↓↓↓

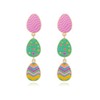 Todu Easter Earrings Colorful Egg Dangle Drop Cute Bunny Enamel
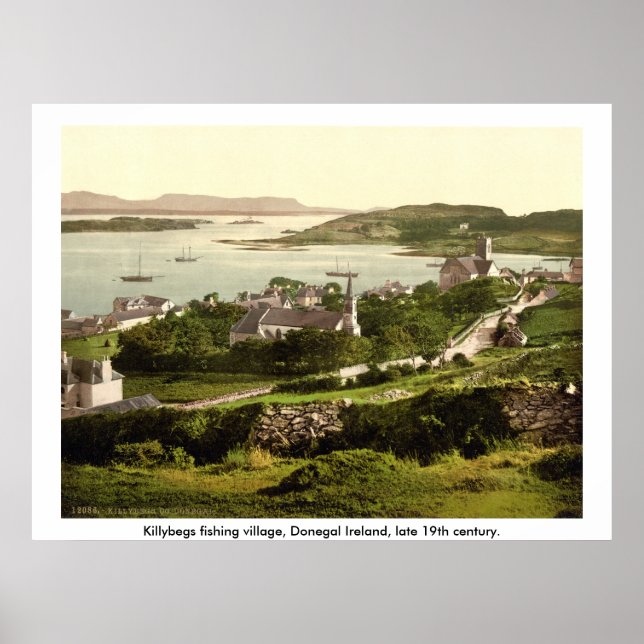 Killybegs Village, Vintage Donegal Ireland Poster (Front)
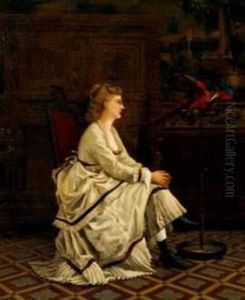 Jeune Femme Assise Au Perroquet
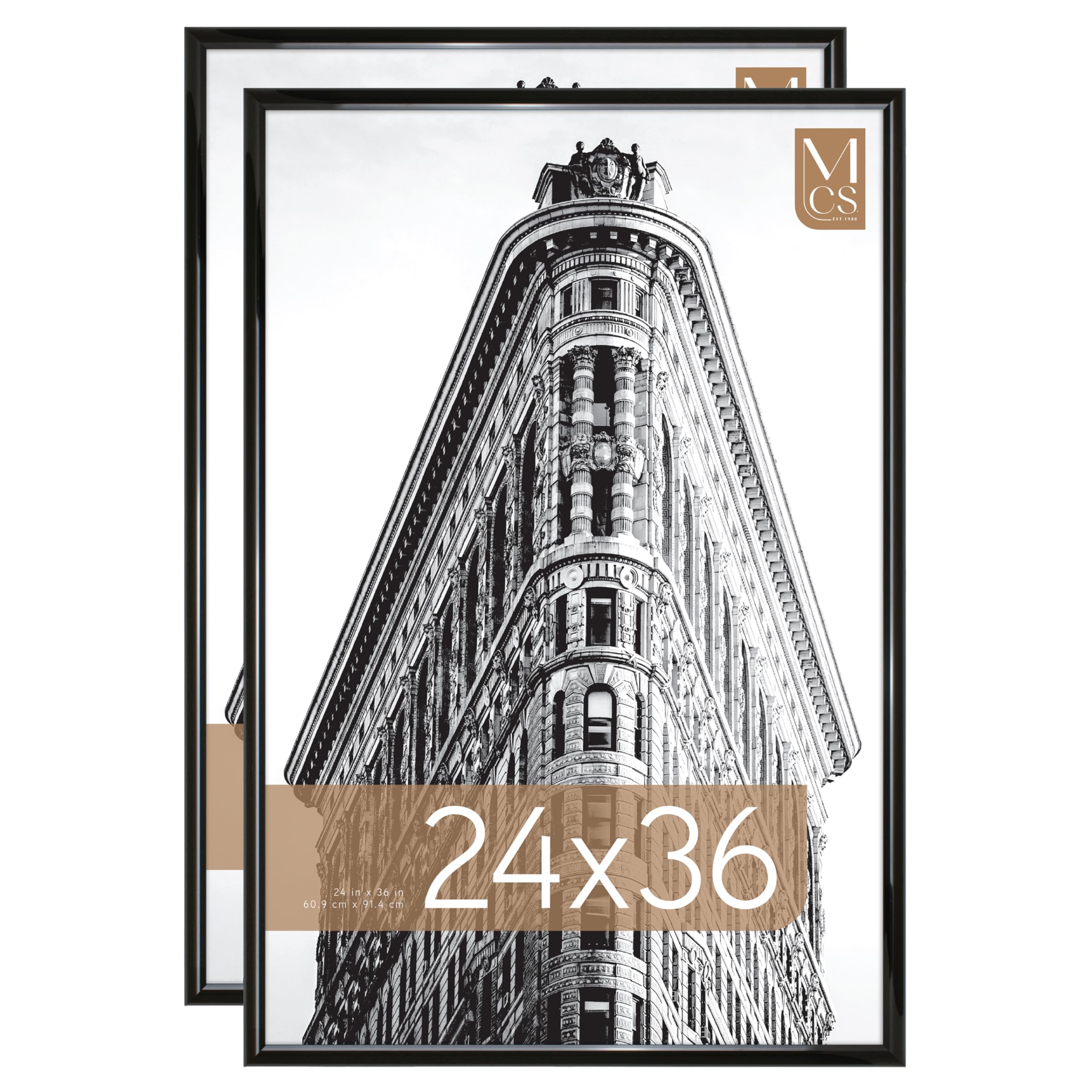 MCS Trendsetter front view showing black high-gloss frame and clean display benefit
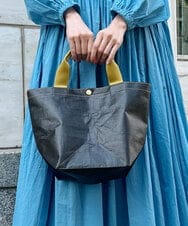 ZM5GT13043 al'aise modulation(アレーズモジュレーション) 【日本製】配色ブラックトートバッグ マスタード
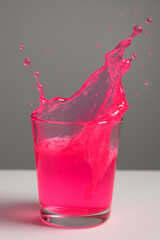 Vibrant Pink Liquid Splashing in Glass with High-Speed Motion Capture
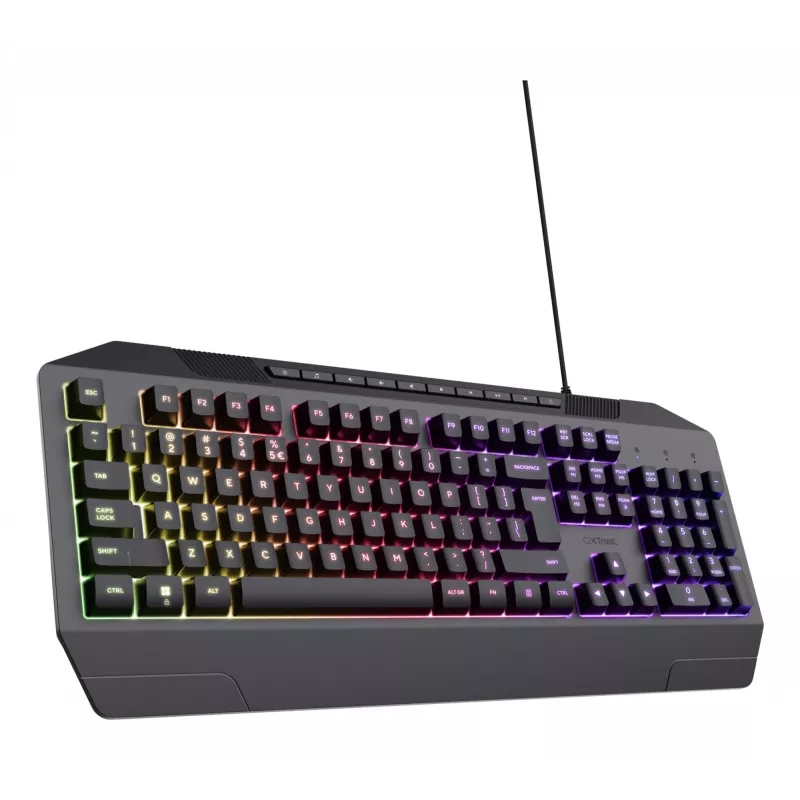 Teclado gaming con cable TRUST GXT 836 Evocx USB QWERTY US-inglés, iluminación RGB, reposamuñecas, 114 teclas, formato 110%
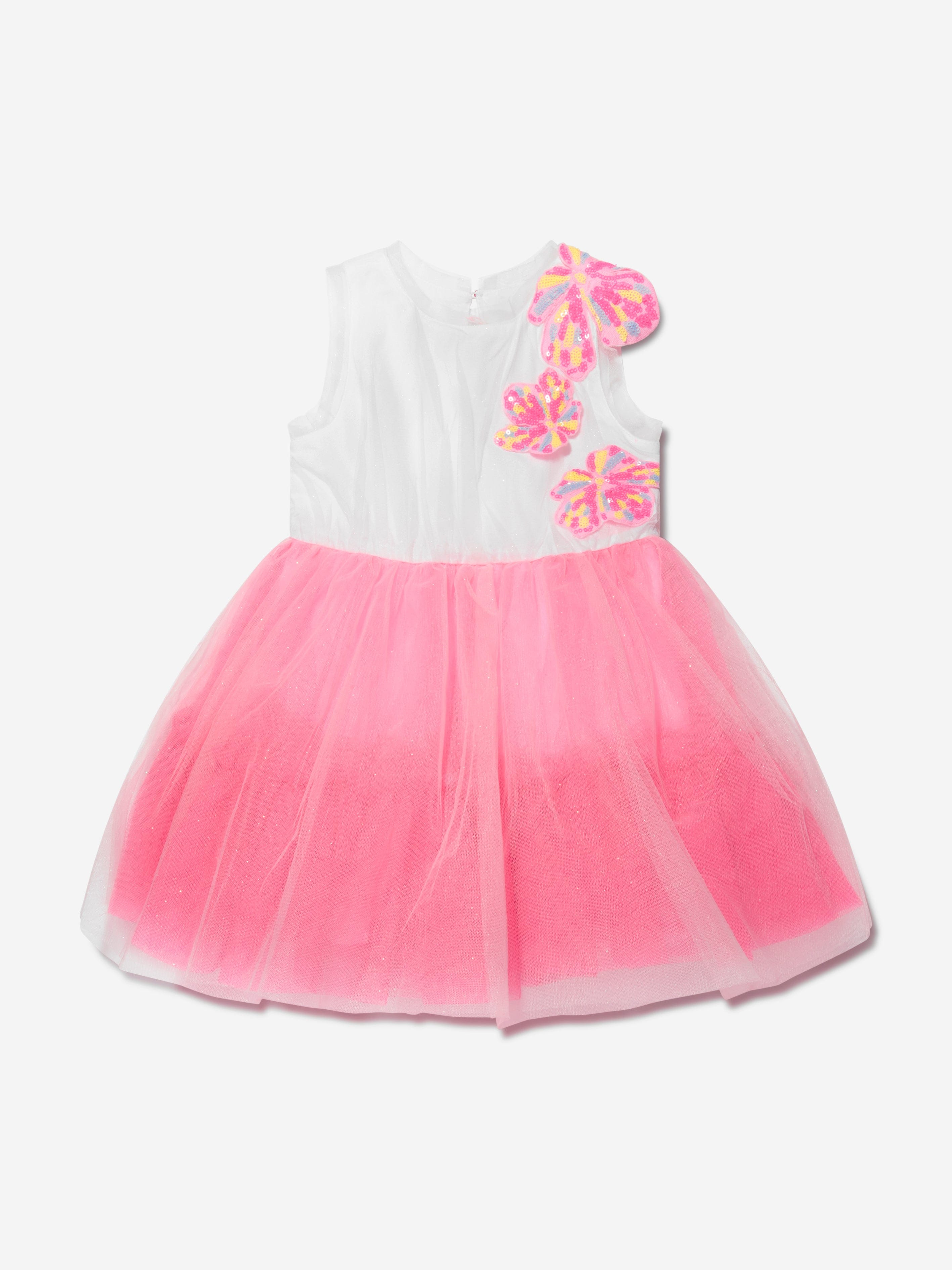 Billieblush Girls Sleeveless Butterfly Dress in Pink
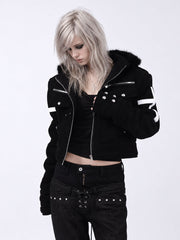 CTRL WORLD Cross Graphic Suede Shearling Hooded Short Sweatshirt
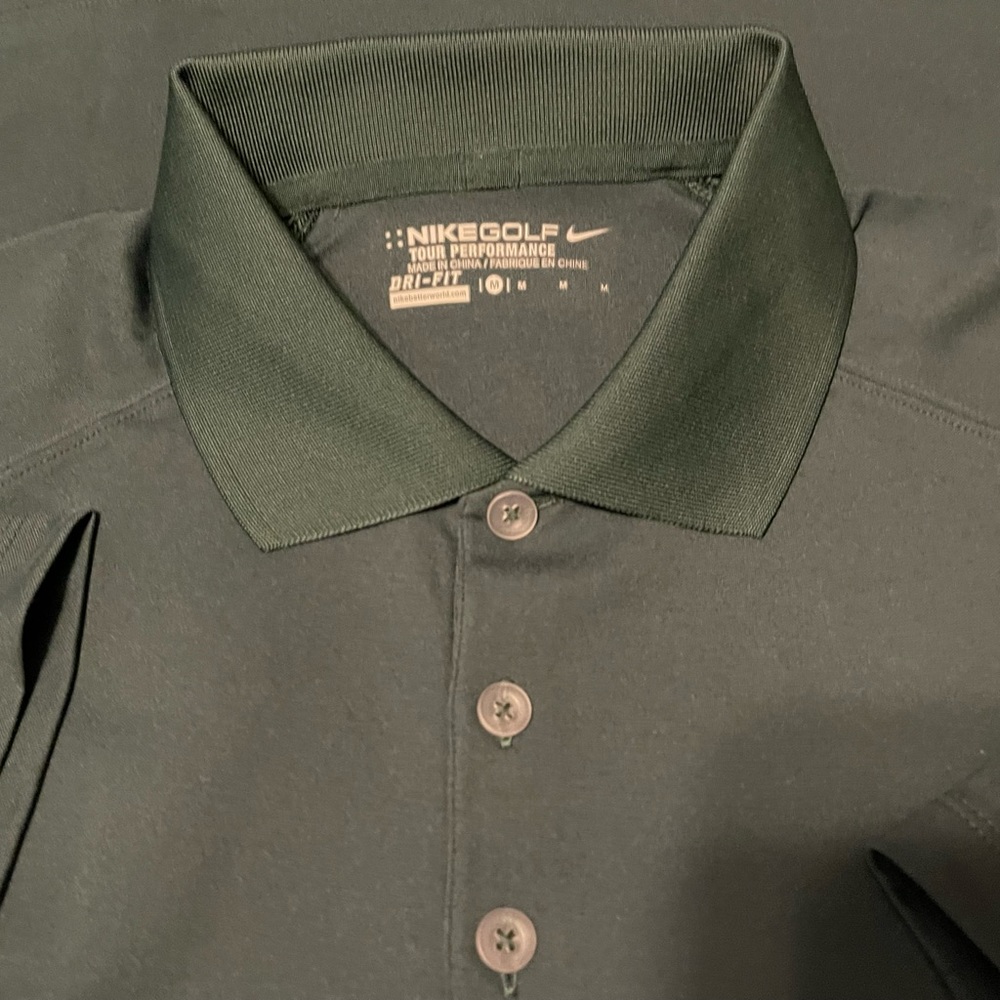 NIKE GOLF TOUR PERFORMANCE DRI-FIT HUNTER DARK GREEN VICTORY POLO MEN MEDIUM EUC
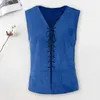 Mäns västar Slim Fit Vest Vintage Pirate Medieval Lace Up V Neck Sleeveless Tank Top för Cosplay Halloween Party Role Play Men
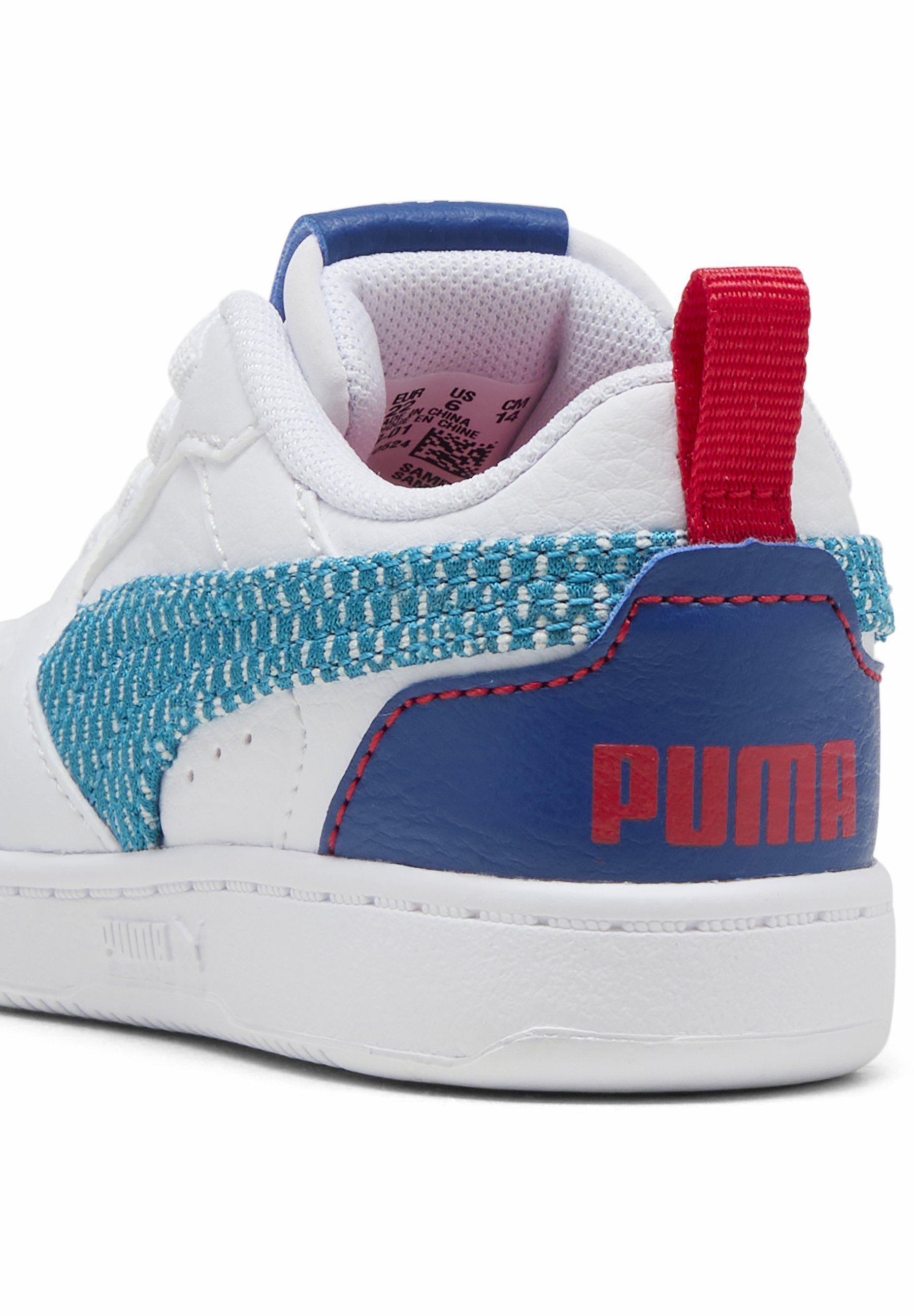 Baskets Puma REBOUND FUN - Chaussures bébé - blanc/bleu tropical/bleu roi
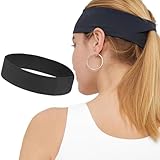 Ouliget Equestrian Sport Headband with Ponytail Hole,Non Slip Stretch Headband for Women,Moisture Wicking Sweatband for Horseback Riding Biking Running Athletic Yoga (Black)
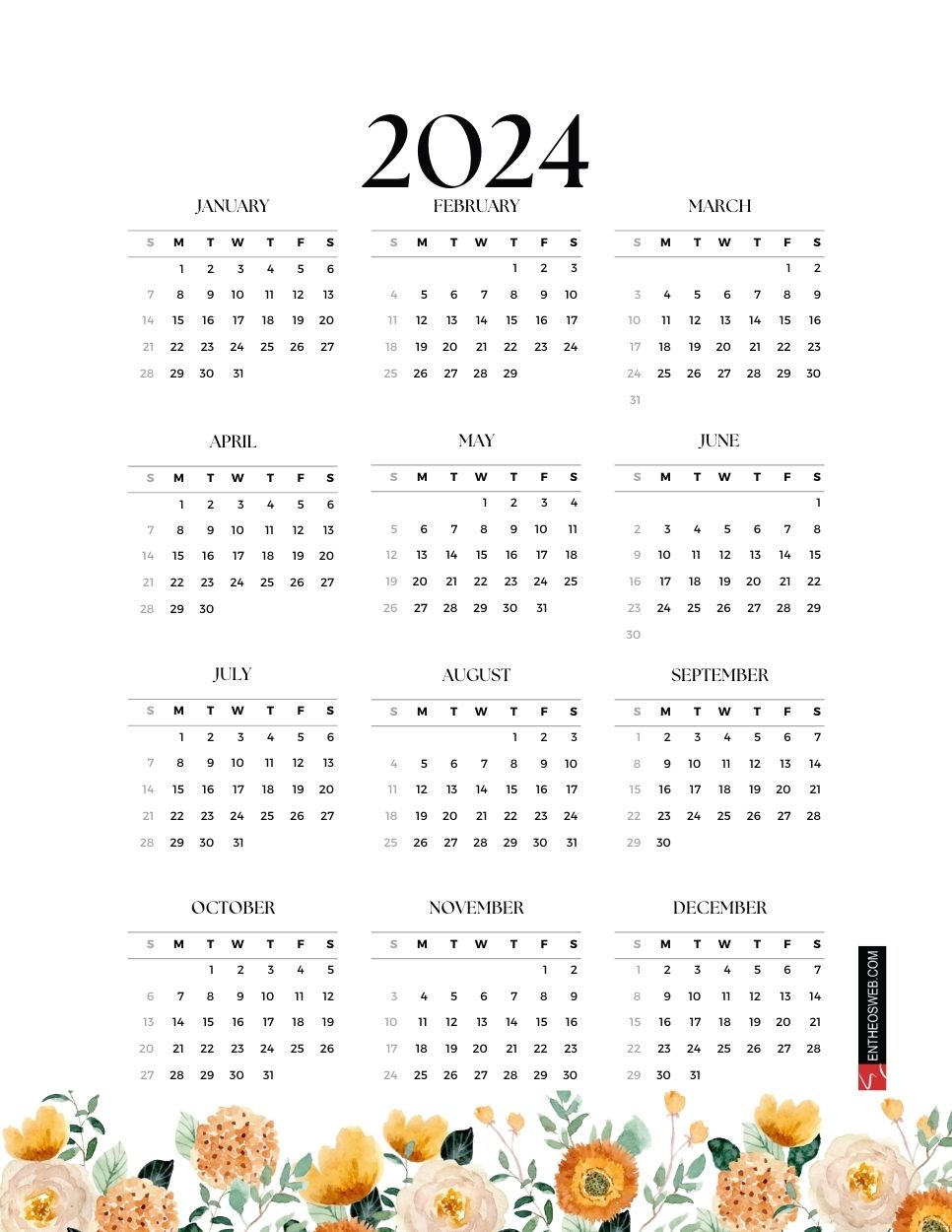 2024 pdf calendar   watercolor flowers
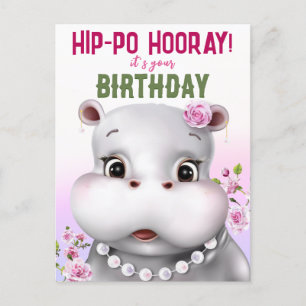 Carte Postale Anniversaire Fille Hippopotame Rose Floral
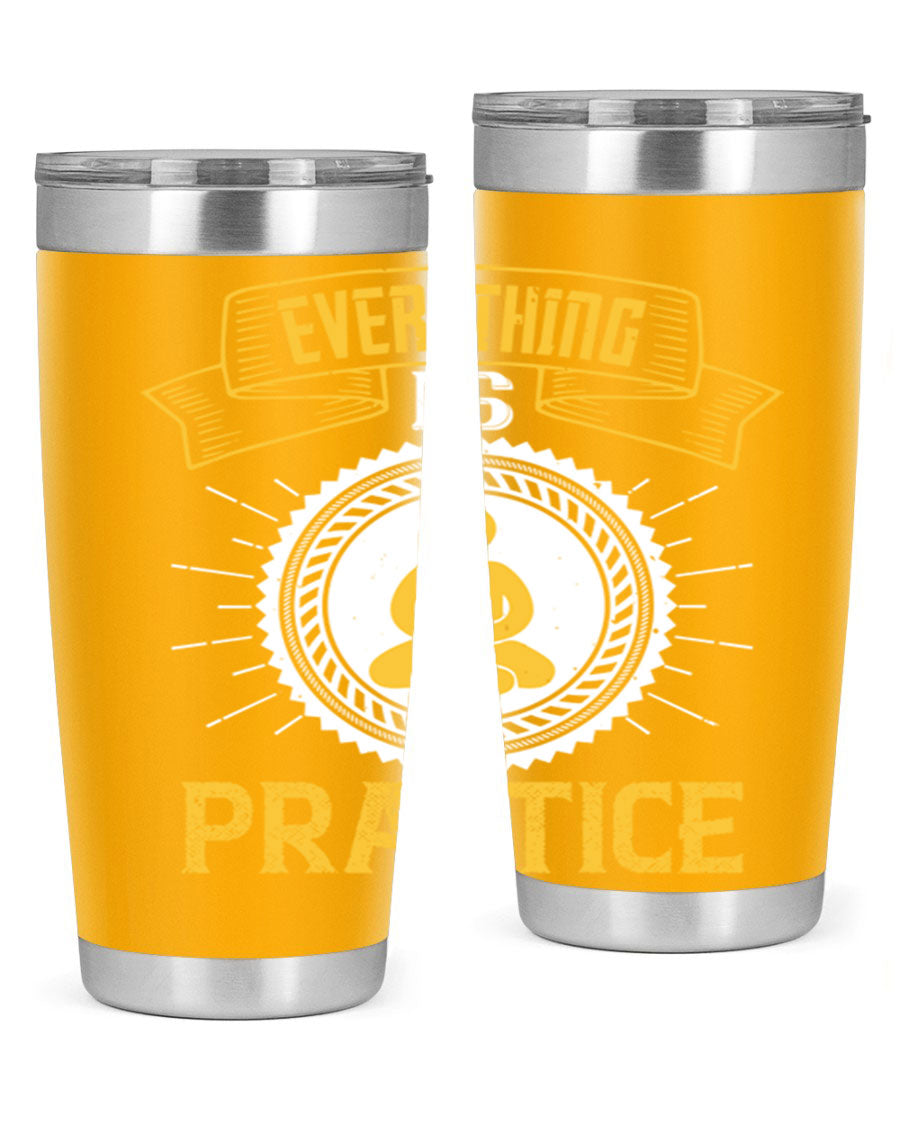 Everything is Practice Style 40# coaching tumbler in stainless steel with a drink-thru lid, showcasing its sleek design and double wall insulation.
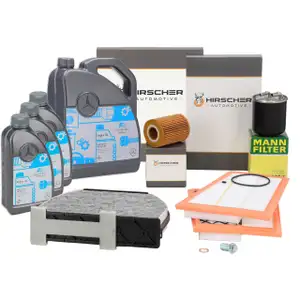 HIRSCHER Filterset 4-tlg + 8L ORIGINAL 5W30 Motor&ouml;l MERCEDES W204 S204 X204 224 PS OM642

↑↑↑

▸ TASK REQUIREMENTS
Each entry should be copied exactly as written, though any pictures stay out.

▸ RESPONSE AREA
 Todu Easter Earrings Colorful Egg Dangle Drop Cute Bunny Enamel
 Killybegs Village, Vintage Donegal Ireland Poster (Front)
 Jeune Femme Assise Au Perroquet
 MCS Trendsetter front view showing black high-gloss frame and clean display benefit
 ZM5GT13043 al'aise modulation(アレーズモジュレーション) 【日本製】配色ブラックトートバッグ マスタード
 Vibrant Pink Liquid Splashing in Glass with High-Speed Motion Capture
 Teclado gaming con cable TRUST GXT 836 Evocx USB QWERTY US-inglés, iluminación RGB, reposamuñecas, 114 teclas, formato 110%
 Billieblush Girls Sleeveless Butterfly Dress in Pink
 CTRL WORLD Cross Graphic Suede Shearling Hooded Short Sweatshirt
 NIKE GOLF TOUR PERFORMANCE DRI-FIT HUNTER DARK GREEN VICTORY POLO MEN MEDIUM EUC
 Mäns västar Slim Fit Vest Vintage Pirate Medieval Lace Up V Neck Sleeveless Tank Top för Cosplay Halloween Party Role Play Men
 Baskets Puma REBOUND FUN - Chaussures bébé - blanc/bleu tropical/bleu roi
 Ouliget Equestrian Sport Headband with Ponytail Hole,Non Slip Stretch Headband for Women,Moisture Wicking Sweatband for Horseback Riding Biking Running Athletic Yoga (Black)
 2024 pdf calendar   watercolor flowers
 Carte Postale Anniversaire Fille Hippopotame Rose Floral
 Everything is Practice Style 40# coaching tumbler in stainless steel with a drink-thru lid, showcasing its sleek design and double wall insulation.
 HIRSCHER Filterset 4-tlg + 8L ORIGINAL 5W30 Motor&ouml;l MERCEDES W204 S204 X204 224 PS OM642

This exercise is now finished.